Commémorer l’Holocauste dans les espaces verts : tensions et contestations à Londres et à Amsterdam

Conférence-débat avec, en invitée, Alana Castro de Azevedo.
Un entretien mené sous la direction de Bruno Benvindo.
Aujourd’hui, un peu partout, les monuments existants font l’objet de débats et de contestations. Mais qu’en est-il des nouveaux monuments ? Ne sont-ils pas parfois controversés avant même d’exister ?
Les processus de construction de mémoriaux dans l’espace public sont souvent longs et complexes. Ils mobilisent de nombreux acteurs et se déploient en plusieurs étapes : conception du projet, recherche de financements, choix du site et de l’artiste, obtention des permis d’urbanisme, etc. Les visions et intérêts des personnes impliquées dans ce type de processus s’opposent parfois fondamentalement.
La construction d’un mémorial est un processus à la fois compliqué, politisé et loin d’être consensuel. Pour l’illustrer, Alana Castro de Azevedo a mené une analyse comparative à travers trois cas concrets : la création de deux mémoriaux en hommage aux victimes de l’Holocauste, à Amsterdam, l’Holocaust Namenmonument et à Londres, le UK Holocaust Memorial and Learning Centre, ainsi que celle d’un mémorial dédié aux victimes de l’esclavage colonial à Lisbonne. Bien que chaque projet soulève des enjeux spécifiques — qu’il s’agisse du choix de l’artiste, de l’emplacement du mémorial ou de l’influence des citoyens et autres parties prenantes sur les décisions — tous ont en commun d’avoir suscité des controverses.

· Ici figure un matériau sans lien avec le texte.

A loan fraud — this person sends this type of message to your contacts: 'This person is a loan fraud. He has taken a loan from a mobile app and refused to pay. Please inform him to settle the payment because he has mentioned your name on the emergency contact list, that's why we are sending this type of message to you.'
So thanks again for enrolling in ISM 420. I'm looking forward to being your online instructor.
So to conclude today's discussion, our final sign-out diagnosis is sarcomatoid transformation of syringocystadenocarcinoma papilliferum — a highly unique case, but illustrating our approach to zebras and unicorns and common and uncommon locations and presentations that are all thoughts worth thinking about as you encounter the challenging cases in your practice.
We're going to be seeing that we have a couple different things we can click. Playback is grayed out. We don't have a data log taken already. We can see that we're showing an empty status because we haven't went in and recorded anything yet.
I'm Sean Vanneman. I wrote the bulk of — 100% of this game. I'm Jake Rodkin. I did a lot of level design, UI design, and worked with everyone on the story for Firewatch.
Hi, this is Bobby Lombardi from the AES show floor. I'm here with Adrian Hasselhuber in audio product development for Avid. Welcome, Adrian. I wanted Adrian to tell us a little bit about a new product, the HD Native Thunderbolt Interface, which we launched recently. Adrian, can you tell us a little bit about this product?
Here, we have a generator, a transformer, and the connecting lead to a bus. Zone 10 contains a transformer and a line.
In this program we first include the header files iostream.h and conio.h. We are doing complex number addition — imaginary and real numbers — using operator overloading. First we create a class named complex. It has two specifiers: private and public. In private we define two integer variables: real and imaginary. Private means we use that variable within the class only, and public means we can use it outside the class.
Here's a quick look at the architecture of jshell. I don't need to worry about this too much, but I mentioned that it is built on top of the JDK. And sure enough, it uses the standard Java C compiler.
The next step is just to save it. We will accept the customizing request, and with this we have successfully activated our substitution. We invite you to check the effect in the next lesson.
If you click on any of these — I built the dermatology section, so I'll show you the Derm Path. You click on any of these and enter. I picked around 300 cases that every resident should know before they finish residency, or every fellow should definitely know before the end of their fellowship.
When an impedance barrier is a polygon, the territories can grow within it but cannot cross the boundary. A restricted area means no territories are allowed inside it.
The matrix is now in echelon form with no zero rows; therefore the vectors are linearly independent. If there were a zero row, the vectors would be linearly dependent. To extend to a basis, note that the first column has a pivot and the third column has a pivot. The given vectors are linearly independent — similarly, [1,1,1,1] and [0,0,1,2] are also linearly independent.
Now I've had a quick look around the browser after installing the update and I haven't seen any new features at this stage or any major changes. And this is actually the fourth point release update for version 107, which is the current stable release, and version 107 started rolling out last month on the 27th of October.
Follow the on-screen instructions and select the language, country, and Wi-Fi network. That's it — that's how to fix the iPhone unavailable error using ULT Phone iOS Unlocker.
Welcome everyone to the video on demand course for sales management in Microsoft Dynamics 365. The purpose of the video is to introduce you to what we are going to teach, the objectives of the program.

Au-delà d’une simple description des enjeux propres à chaque cas d’étude, elle s’est également interrogée sur comment concilier le travail de mémoire avec d’autres préoccupations, comme la préservation des espaces verts en milieu urbain ?
Qui doit être impliqué dans ces processus ? Qui détient le pouvoir de décision ? Est-il possible, à travers un processus participatif, d’aboutir à un résultat accepté à l’unanimité ?
C’est à ces questions, issues de cinq années de recherches effectuées dans le cadre de sa thèse de doctorat consacrée à l’analyse des processus de construction des mémoriaux dans l’espace public qu’Alana Castro de Azevedo répondra le jeudi 19 juin. Son objectif est de proposer un nouveau regard sur les enjeux de la mémorialisation dans les espaces verts, tout en réfléchissant à comment rendre les processus commémoratifs plus inclusifs et démocratiques. Elle se penchera plus précisément sur les mémoriaux d’Amsterdam et de Londres. Le débat sera animé par Bruno Benvindo.
Cet événement se déroulera dans la salle de conférence du CegeSoma dans le cadre des Rencontres d’Histoire Publique, en partenariat avec l’asbl 'Les Amis du CegeSoma'.
Alana Castro de Azevedo est docteure en sciences politiques de l’Université Libre d’Amsterdam. Sa thèse de doctorat, soutenue en 2025, examine la participation citoyenne dans le processus de création de mémoriaux commémorant les victimes de l'esclavage colonial et de l'Holocauste, ainsi que sur les nombreux conflits qui en découlent. De 2016 à 2019, elle a travaillé à la mise en œuvre du projet La Route de l’esclave de l’UNESCO, axé sur l’identification et la valorisation des lieux de mémoire et des sites patrimoniaux liés à l’esclavage et à la traite transatlantique. Depuis 2024, elle mène des recherches au CegeSoma sur les controverses liées aux patrimoines coloniaux dans l’espace public, dans le cadre du projet européen CONCILIARE.
Bruno Benvindo est historien. Il a travaillé comme chercheur à l’Université libre de Bruxelles, puis au Centre d’Études et de documentation Guerre et Sociétés contemporaines (CegeSoma) où il a notamment publié ‘Henri Storck, le cinéma belge et l’Occupation’ (2010) ainsi que ‘Décombres de la guerre. Mémoires belges en conflit, 1945-2010’ (2012, avec Evert Peeters). Il est aujourd’hui directeur des expositions au Musée Juif de Belgique, où il met en place un programme d’expositions interrogeant les croisements entre art et histoire au 20e siècle.